[Dataset content]
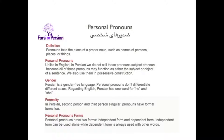As far as gender, Persian is a gender-neutral language. Personal pronouns don't differentiate different sexes. Regarding English, Persian has one word for both he and she.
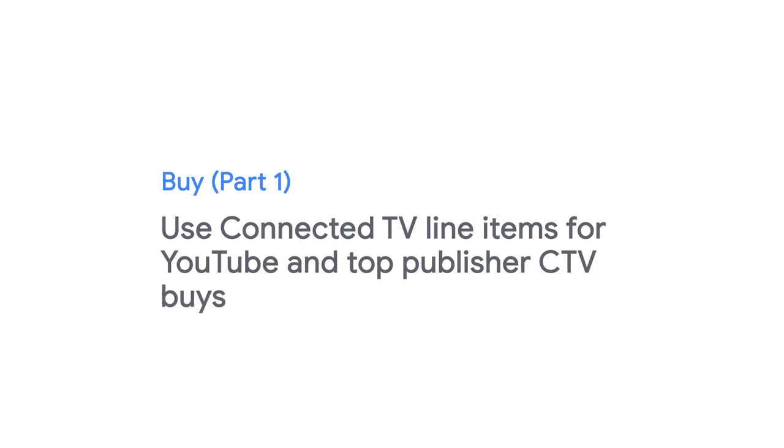Welcome to the first buy video in the Display and Video 360 CTV how-to series. In this lesson, we'll walk through how to use connected TV line items for YouTube and top publisher CTV buys.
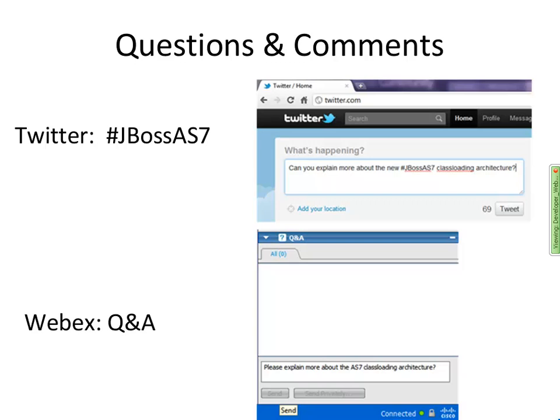For questions during today's session, use the WebEx Q&A panel. Ask your question, submit it, and if we can respond, you'll see the answer come back for everyone to see. We're also taking questions on Twitter — use the hashtag #JBossAS7 and ask a specific question or leave a comment. We'll be monitoring that channel and will queue those questions to ask Jason, Dan, and Pete at the end of each session.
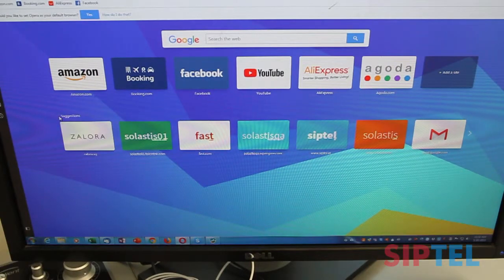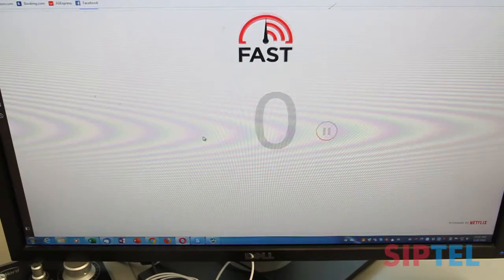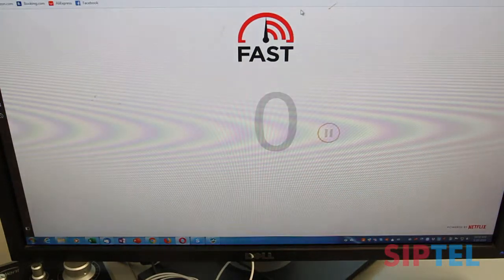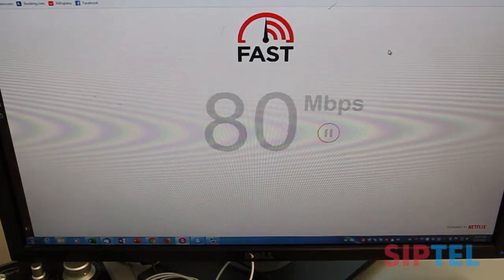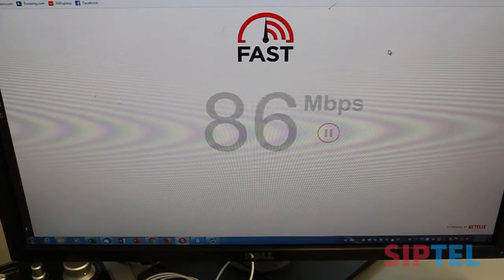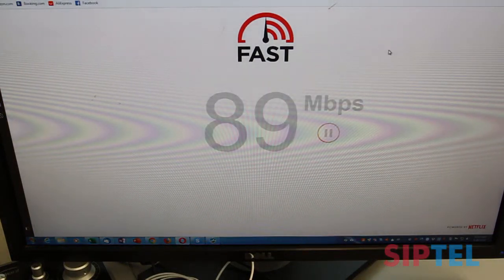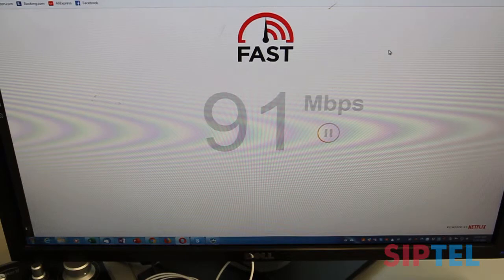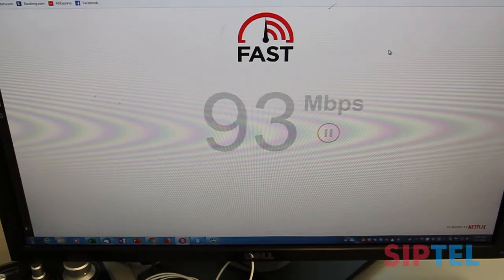Let's check the internet speed now. For this, I will access the site fast.com. And as you can see, the speed of the internet is quite good and is not impacted when connected via the phone.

[Task goal] Leave the pictures out and print the whole listing precisely.

[Answer section]
As far as gender, Persian is a gender-neutral language. Personal pronouns don't differentiate different sexes. Regarding English, Persian has one word for both he and she.
Welcome to the first buy video in the Display and Video 360 CTV how-to series. In this lesson, we'll walk through how to use connected TV line items for YouTube and top publisher CTV buys.
For questions during today's session, use the WebEx Q&A panel. Ask your question, submit it, and if we can respond, you'll see the answer come back for everyone to see. We're also taking questions on Twitter — use the hashtag #JBossAS7 and ask a specific question or leave a comment. We'll be monitoring that channel and will queue those questions to ask Jason, Dan, and Pete at the end of each session.
Let's check the internet speed now. For this, I will access the site fast.com. And as you can see, the speed of the internet is quite good and is not impacted when connected via the phone.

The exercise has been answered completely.